E così dal mezzofondo si è passati alla velocità: l’inizio con un tipo di protesi, presto sostituite: un feeling crescente e un susseguirsi di miglioramenti che l’hanno portata in cima al mondo.

  

Quel tempo di 14’59’’ che l’ha portata a superare un’altra italiana, Martina Caironi, era qualcosa che voleva fortemente e non lo nasconde: "Speravo di poter fare quel record, anche se ancora devo realizzare ciò che ho fatto: la notizia la sto metabolizzando" racconta Ambra, accolta al rientro da Dubai, da un festoso – e rispettoso delle normative anti-covid – comitato d’accoglienza in quel di Porto Ercole, la località argentarina in cui risiede.

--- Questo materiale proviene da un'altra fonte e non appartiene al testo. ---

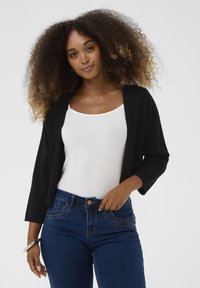 Frau mit lockigem Haar, die ein weißes Tanktop, eine schwarze Strickjacke, blaue Jeans und ein silbernes Armband trägt und vor einem weißen Hintergrund steht.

La gioia condivisa con parenti e amici si unisce ad altri complimenti: "Tanti personaggi famosi mi hanno mandato messaggi di congratulazioni" dice con il sorriso consapevole di ciò che ha combinato, ma che tradiscono l’emozione e la timidezza dell’età e della semplicità.

  

Per lei che corre veloce, velocissima, la vita continuerà tra gli studi – frequenta l’ultimo anno dell’istituto commerciale informatico, obiettivo maturità anche a livello scolastico – e le gare che ha messo nella sua personalissima agenda: parteciperà ad altre tappe del Grand Prix, poi ai campionati europei in Polonia e infine a Tokyo, a quei Giochi Olimpici che rappresentano il vero sogno, perché gli obiettivi non si fermano certo al primato mondiale cristallizzato sul tartan di Dubai.

   

Sarà un anno intenso, dunque, per Ambra che dopo l’estate comincerà un periodo di riflessione: una sorta di anno sabbatico dal punto di vista della formazione: prima di scegliere a quale facoltà iscriversi all’università vuole imparare per bene l’inglese perché "è fondamentale da conoscere per quando vado in trasferta a gareggiare".

   

Ha la testa ben piantata sulle spalle, Ambra Sabatini: la maturità come persona è arrivata da tempo, messa alla prova dalla vita prima del previsto e in maniera più dura di tanti. Lei, però, ha trovato nella corsa un modo e un mondo per sentirsi libera, per lasciar andare via tutti i pensieri negativi: "Correre è la mia valvola di sfogo – dice Ambra con la voce di chi sa sognare – ed è un modo per sentirmi abile come tutti: solo così so superare gli ostacoli e la disabilità e so essere me stessa".

   

Sono tutte sfumature di una vita giovane e incosciente, ma incosciente nel senso nobile del termine. Come Alex Zanardi, come Bebe Vio: nomi che per Ambra sono stati idoli ed esempi e impersonificano quell’obiettivo che ha messo bene in evidenza in quella agendina fitta di appuntamenti agonistici: "Manca solo la medaglia olimpica per coronare il tutto" spiega.

   

Ambra e oro, in fondo, sono solo due diverse tonalità di giallo: potrebbero riunirsi sotto forma di atleta da podio e di medaglia da consegnarle sotto un altro giallo, quello acceso e vivace della fiamma olimpica del braciere di Tokyo che doveva essere 2020 e sarà 2021. Chissà che quell’uno non rappresenti proprio una singola persona, che corre veloce, anche più del destino.